Re-use intermediate buffers
Is your feature request related to a problem? Please describe.
Currently, WONNX will allocate a buffer for each operator output. This output buffer is then read by at least one subsequent operator. After the output has been read by all operators that use it as input, it is not used any longer, but are not deallocated until the 'Session' is dropped (they will be re-used in future inferences). These buffers take up GPU memory, and because GPUs do no swapping as far as I know, they limit the maximum size of a model we can use.
(Note, I am on a MacBook M1 Max with 64 GB memory shared between CPU-GPU so have not run into this issue myself yet)
Describe the solution you'd like
Pre-allocating buffers is desirable to ensure inference is fast. This means we should not deallocate buffers after we're done with them (however we'd then also would have to allocate them at inference time).
As many models are very 'deep', it is very much possible to pre-allocate a smaller number of buffers and re-use these. A simple example graph:
Input -> A -> B -> C -> Output
In the above, we currently allocate for Input and outputs of A, B and C. If the output for C fits in the output buffer of A, we could simply reuse A's output buffer for C's output: after B is done reading A's output it will never be used anyway (B must use its own output buffer, as it is still reading from A's output buffer).
A more complicated example:
Input -> A
A -> B -> C
A -> D -> E
C + E -> Output
In this case, the output of 'A' is used by both B and D, and can only be re-used after both B and D have executed.
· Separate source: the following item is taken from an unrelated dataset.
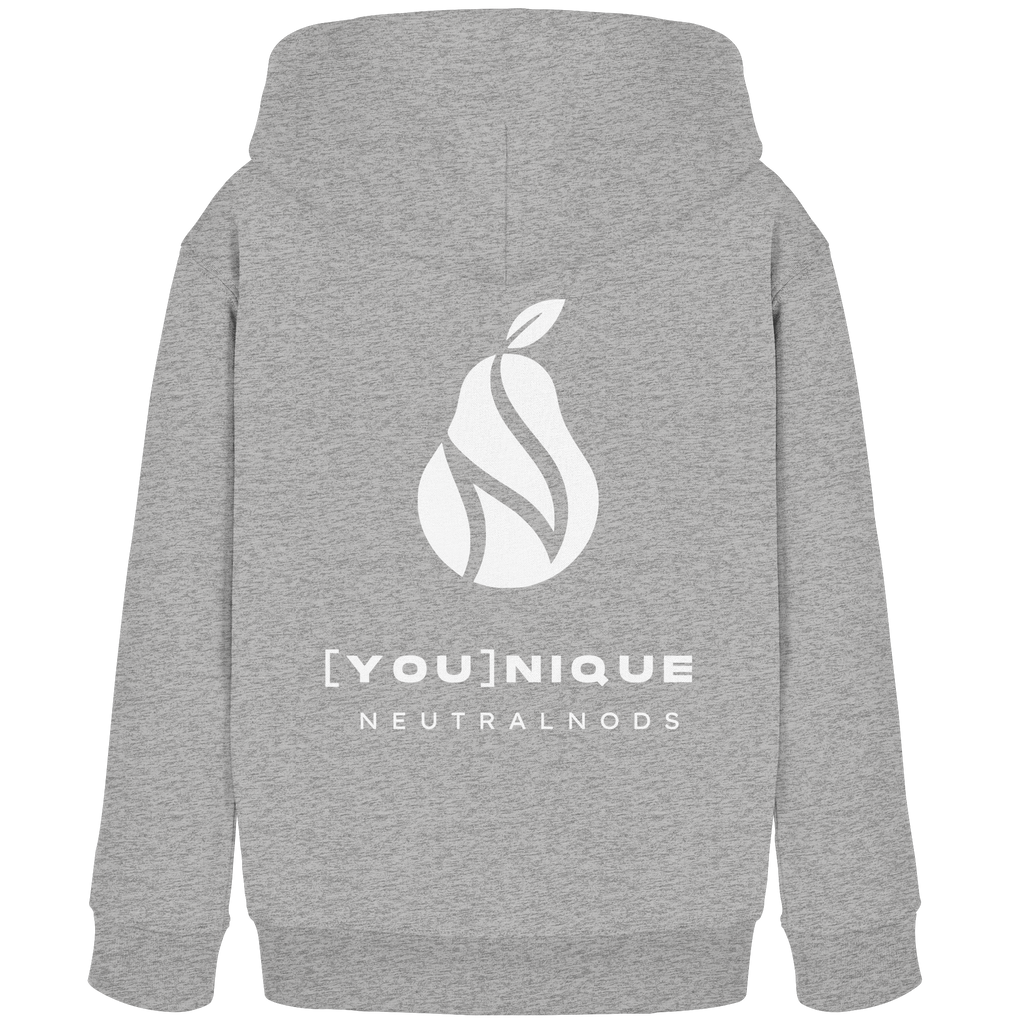 Younique - Kids Organic Hoodie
This should be fairly easy to implement by maintaining some sort of 'buffer pool' while sequencing the DAG into GPU operations, and calculating the minimum number and sizes of buffers that should be allocated. This should have some sort of look-ahead to allocate a bigger buffer if an operator further in the graph needs it (so it can be shared with an 'earlier' operator that requires a smaller buffer)
Describe alternatives you've considered
That would be one of (1) buying a larger GPU, (2) use smaller models only or (3) implement some sort of swapping...
(I might be able to implement this later on)
So, to avoid conflict as you mentioned, I think that we just need to implement a graph coloring algorithm, with the color representing the buffers.
So, to avoid conflict as you mentioned, I think that we just need to implement a graph coloring algorithm, with the color representing the buffers.
I am not a CS grad (you might have noticed ;-)) but this seems like the right thing to do. After coloring we then allocate each color's buffer with max(...buffer sizes requested for this color...) bytes.
No worries. Actually, Coloring does not work straight out of the box. But yeah. Something along that line.
Closed by #143